The South West Nuclear Hub structures its research under the following themes:

1. Nuclear Materials and Modelling

This theme aims to develop a fundamental understanding of the inter-relationship between material 'microstructure', nano- to micro-scale, for nuclear materials and their physical, chemical and mechanical properties under extreme environmental conditions , including neutron irradiation.

2. Systems Reliability

  • Software Reliability

Theoretical research: bounds on failure probabilities for computation.

Practical application: risk analysis for critical software systems

  • Organisational Safety

Theoretical research: modelling the dynamics of socio-technical systems in large organisations.

Practical application: early recognition of precursors to large industry accidents, enabling interventions to be put in place.

3. Structural Integrity

The investigation of the behaviour of materials and structures across multiple length scales, in both ‘normal’ and ‘aggressive’ environments.

Research covers a number of engineering topic areas including:

  • advanced structural integrity;
  • joining and forming;
  • residual stress measurement;
  • fracture mechanics.

4. Nuclear Hazards and Risks

Research seeks to directly influence decision-making in the nuclear industry on matters of:

  • use of nuclear deterrents;
  • nuclear proliferation and forensics;
  • external hazards to nuclear installations and infrastructure from floods, climate and seismic and volcanic activity at a wide range of temporal and spatial scales;
  • systems safety;
  • radiological hazards associated with contaminated land.

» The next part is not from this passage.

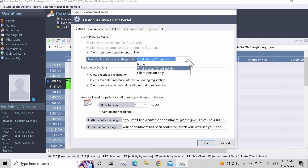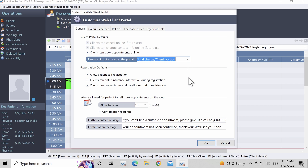The next option has to do with what information is provided to the patient in the financial section of the client portal. In the Financial Info to Show on the Client Portal field, there are three options: None — clients will not be able to access any financial information; Total Charge / Client Portion — both the payer and client sides of the charge will be displayed; Client Portion Only — only information related to the client's portion of any charge will be displayed. This is the most popular selection.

5. New Materials Development


6. Waste and Fuel Management

A core part of the nuclear decommissioning process concerns the safe disposal and management of used fuel and waste products. Research areas include:

  • waste disposal and effluent management;
  • nuclear material management;
  • environmental remediation of radionuclides and microstructural analysis of crystalline solids;
  • decommissioning/decontamination of reactors;
  • new fuel development.

7. Structural Engineering

Structural Engineering addresses the understanding of the fundamentals of how structures behave to be able to develop more reliable methods of analysis and design. This area includes:

  • Testing and modelling in the field of control;
  • seismic analysis;
  • structural dynamics and non-linear engineering;
  • earthquake engineering.

8. Monitoring

Radioactive materials are highly controlled, and also difficult to detect by sight. Therefore there is a need to develop scanning and detection methods to be able to identify materials.

A very promising technique for scanning is cosmic ray tomography (CRT). This is because cosmic muons are highly penetrating and are naturally occurring. This means that it is impossible to screen against and it introduces no above-background radiation.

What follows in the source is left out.